#### Input data ####
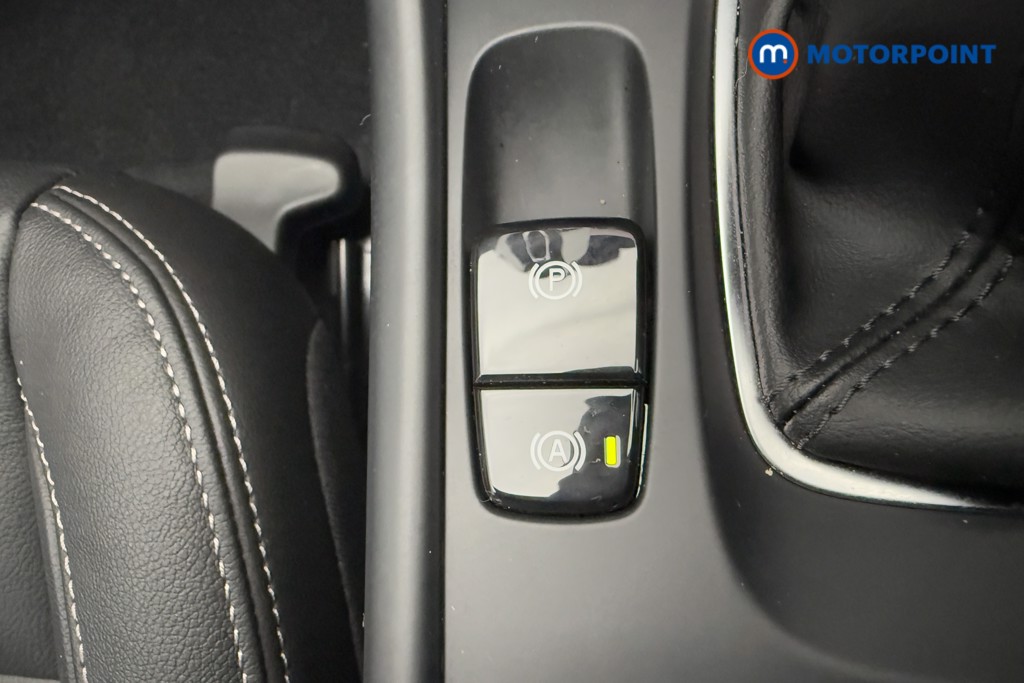 Volvo Xc40 Inscription Manual Petrol SUV - Stock Number (1555114) - 8th supplementary image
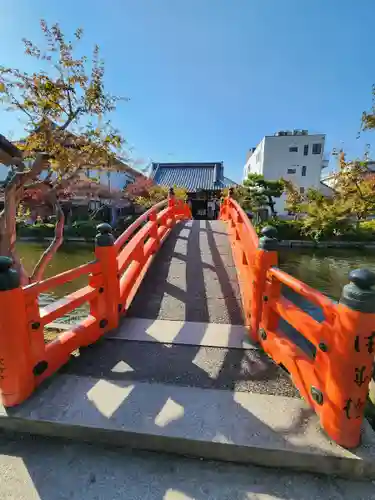 神泉苑(京都府)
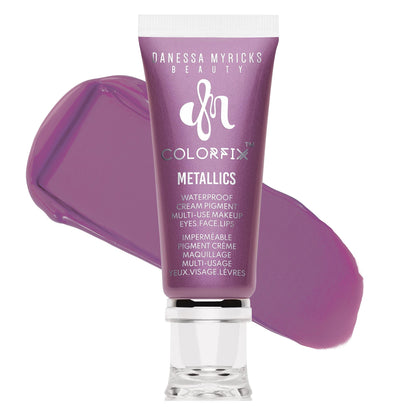 Colorfix Metallics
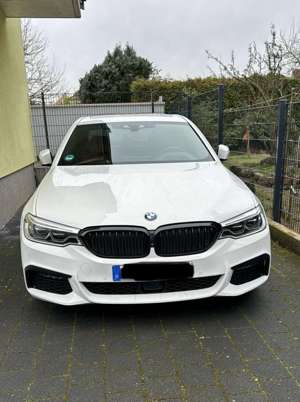 BMW 540 540 i M Sport Bild 1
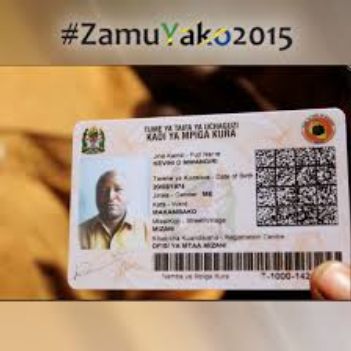 kitambulisho cha mpiga kura online copy kitambulisho cha mpiga kura online copy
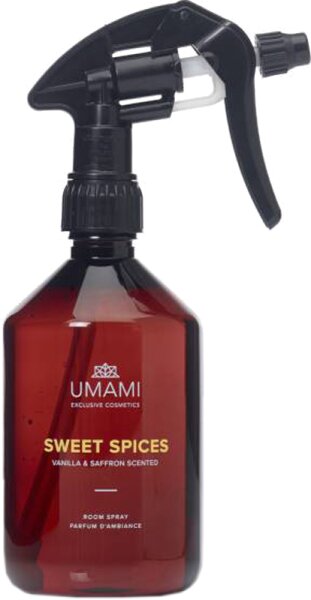 Umami Sweet Spices Room Spray 500 ml von Umami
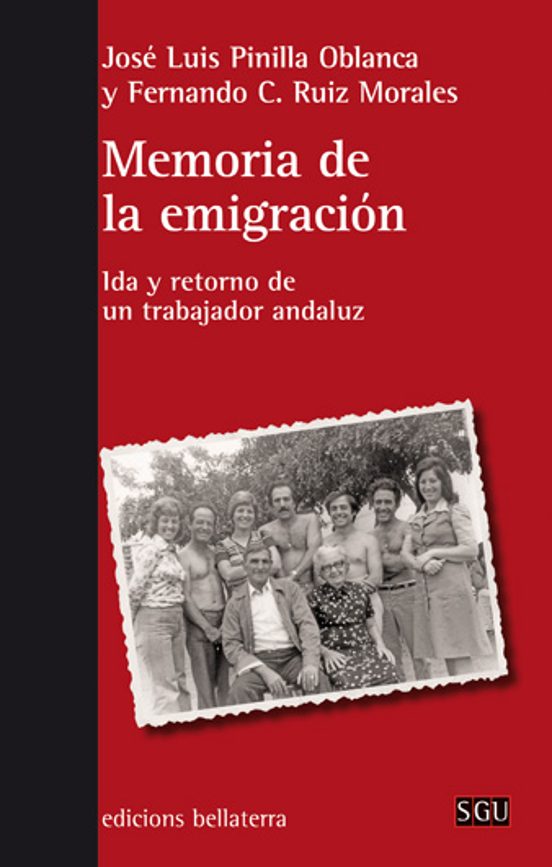 Memoria de la Emigracion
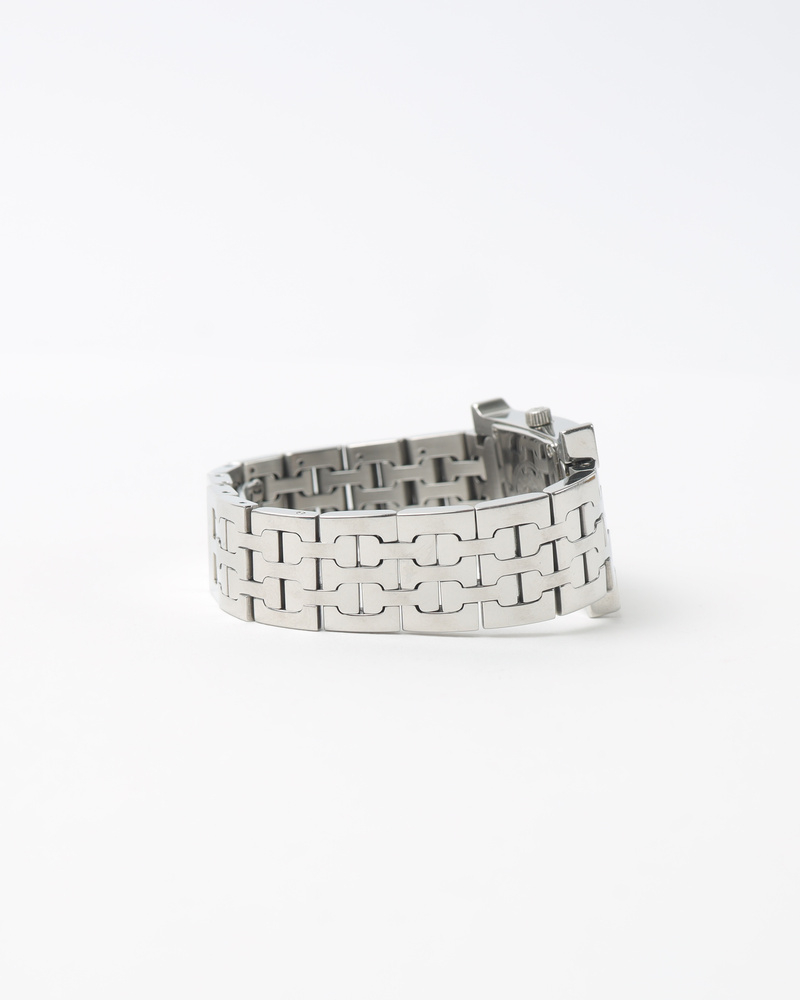 Hermès Heure H 21mm Ref Hh1.210 Watch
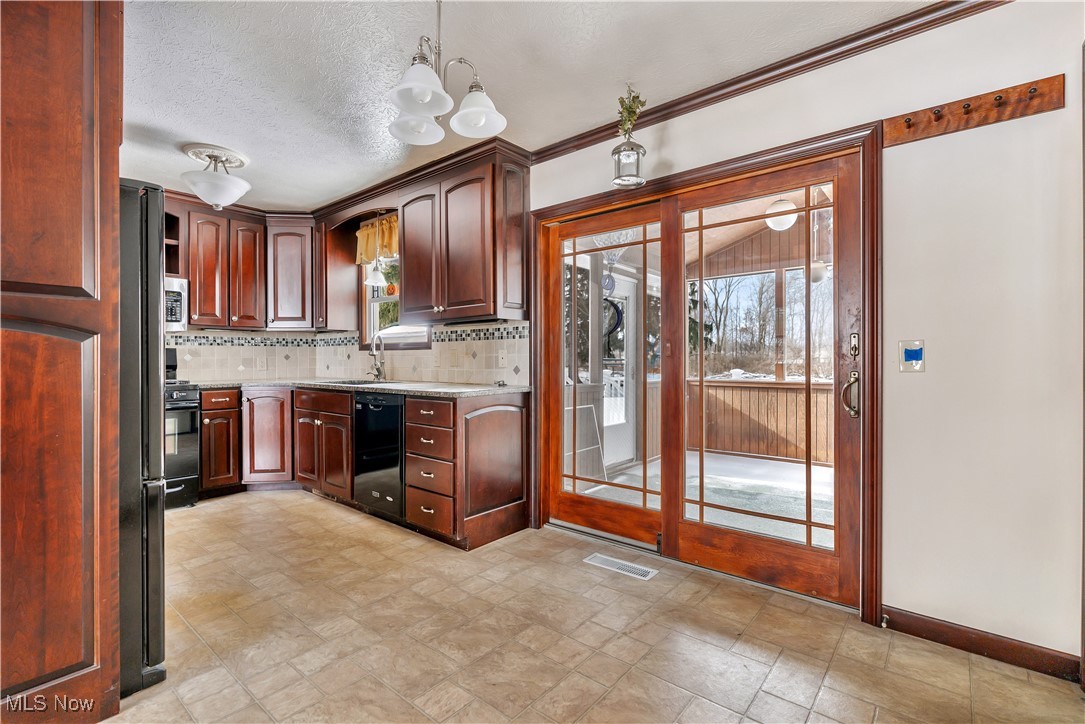 Frances Acres - Residential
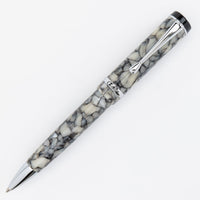 Conklin Duragraph Cracked Ice Ballpoint Pen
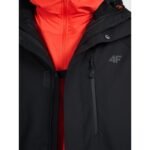 Mens trekking jacket 3 in 1 membrane 10000 4F 4FRAW25TTJAM1052-20S - Image 2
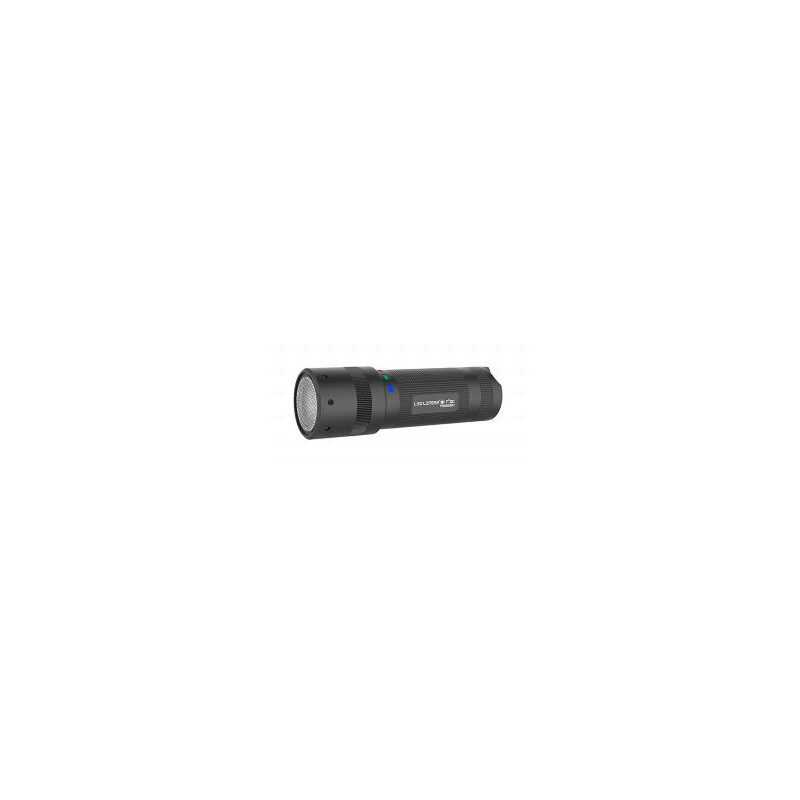 LED LENSER Torcia T² QC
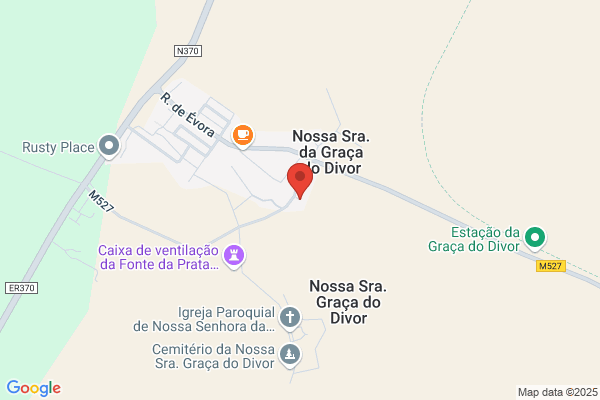 Casa Do Povo De Vinhós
####
Task to carry out: What's needed is every record restated exactly, pictures excluded.

Result of the exercise:
 Volvo Xc40 Inscription Manual Petrol SUV - Stock Number (1555114) - 8th supplementary image
 神泉苑(京都府)
 Colorfix Metallics
 BMW 540 540 i M Sport Bild 1
 kitambulisho cha mpiga kura online copy kitambulisho cha mpiga kura online copy
 Umami Sweet Spices Room Spray 500 ml von Umami
 Memoria de la Emigracion
 Hermès Heure H 21mm Ref Hh1.210 Watch
 Frances Acres - Residential
 Conklin Duragraph Cracked Ice Ballpoint Pen
 Mens trekking jacket 3 in 1 membrane 10000 4F 4FRAW25TTJAM1052-20S - Image 2
 LED LENSER Torcia T² QC
 Casa Do Povo De Vinhós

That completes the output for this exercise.